Borussentreff in der Sommerpause: Auf zwei Rädern die traditionsreichen Orte der BVB-Geschichte erkundet

Wir befinden uns mitten in der Bundesliga-Sommerpause. Wen die Sehnsucht nach Borussia schon wieder umtrieb, der konnte am Samstag beim Borussentreff Dortmund und vor allem bedeutsame Orte der BVB-Geschichte per Rad erkunden.2014_borussentreff_radtour_006

Von der Roten Erde machten sich gut 20 Radler auf den Weg vorbei am Westfalenpark und der imposanten Industriekulisse von Phoenix West zum Phoenixsee. Nach einer Runde um den See führte die Route die BVB-Fans auf ehemaligen Trassen der Hoeschbahn zum Biergarten der Schrebergartenanlage „Zur Lenteninsel“. Mit fantypischen Kaltgetränken gestärkt, ging es Richtung Norden zur Wiege des BVB. Bei einem Stopp im Hoesch-Park wurde das Gelände der ehemaligen Weißen Wiese, dem ersten Spielort der Borussia, in Augenschein genommen. Die Weise Wiese lag etwa zur Hälfte auf dem heutigen Gelände des Hoesch-Parks. Die Mittellinie des Spielfelds verlief dort, wo heute die an den Park angrenzende Hauptstraße Richtung Borsigplatz führt.

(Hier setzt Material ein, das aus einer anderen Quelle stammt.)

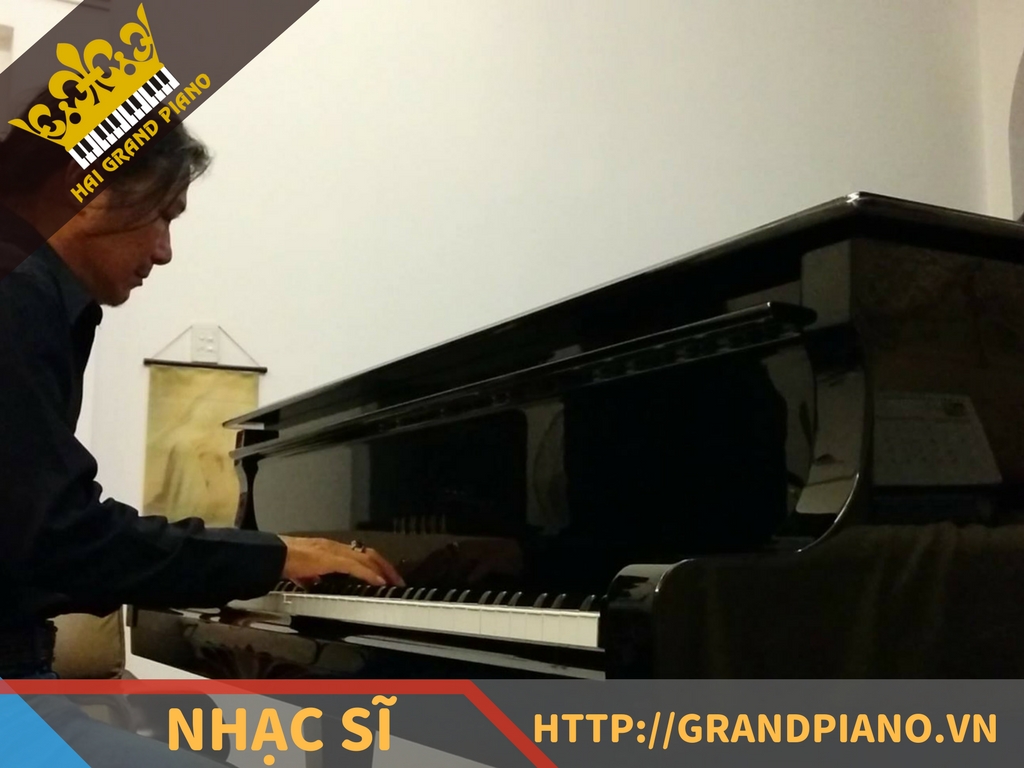 Nhạc Sĩ Minh Châu - Đàn Grand Piano Yamaha C3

Nur wenige hundert Meter weiter wurde an der Dreifaltigkeitskirche, aus deren Gemeinde die Gründerväter des Ballspielsvereins stammen, ein weiterer Halt eingelegt. Einen dritten Zwischenstopp machte die Gruppe an dem Haus, in dem 1909 im Obergeschoss des Lokals „Zum Wildschütz“ der BVB gegründet wurde.

Vorbei am Borsigplatz fuhren die Radler aus der Nordstadt zurück zum Startort der Tour. Nach gut 30 Kilometern, die nahezu ausschließlich über ruhig gelegene, grüne Radwege fernab vom Straßenverkehr verliefen, endete die Fahrradtour am schönsten Stadion der Welt. Stilecht fürs Ruhrgebiet klang der Nachmittag bei Bier und Bratwurst im Schrebergarten im Schatten der Südtribüne aus.